Task details:
Print, please, the line that contains "Beautiful New Freebird" and each line after it to the end of the entries, unchanged and with nothing else.

Recorded information:
* * * * * * *
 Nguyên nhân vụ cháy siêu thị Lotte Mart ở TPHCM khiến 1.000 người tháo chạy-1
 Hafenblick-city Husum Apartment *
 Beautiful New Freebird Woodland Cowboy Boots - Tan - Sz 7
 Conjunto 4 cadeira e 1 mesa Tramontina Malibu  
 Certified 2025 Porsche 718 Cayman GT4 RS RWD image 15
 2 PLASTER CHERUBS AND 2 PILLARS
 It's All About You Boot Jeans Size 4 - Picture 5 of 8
* * * * * * *
Response:
 Beautiful New Freebird Woodland Cowboy Boots - Tan - Sz 7
 Conjunto 4 cadeira e 1 mesa Tramontina Malibu  
 Certified 2025 Porsche 718 Cayman GT4 RS RWD image 15
 2 PLASTER CHERUBS AND 2 PILLARS
 It's All About You Boot Jeans Size 4 - Picture 5 of 8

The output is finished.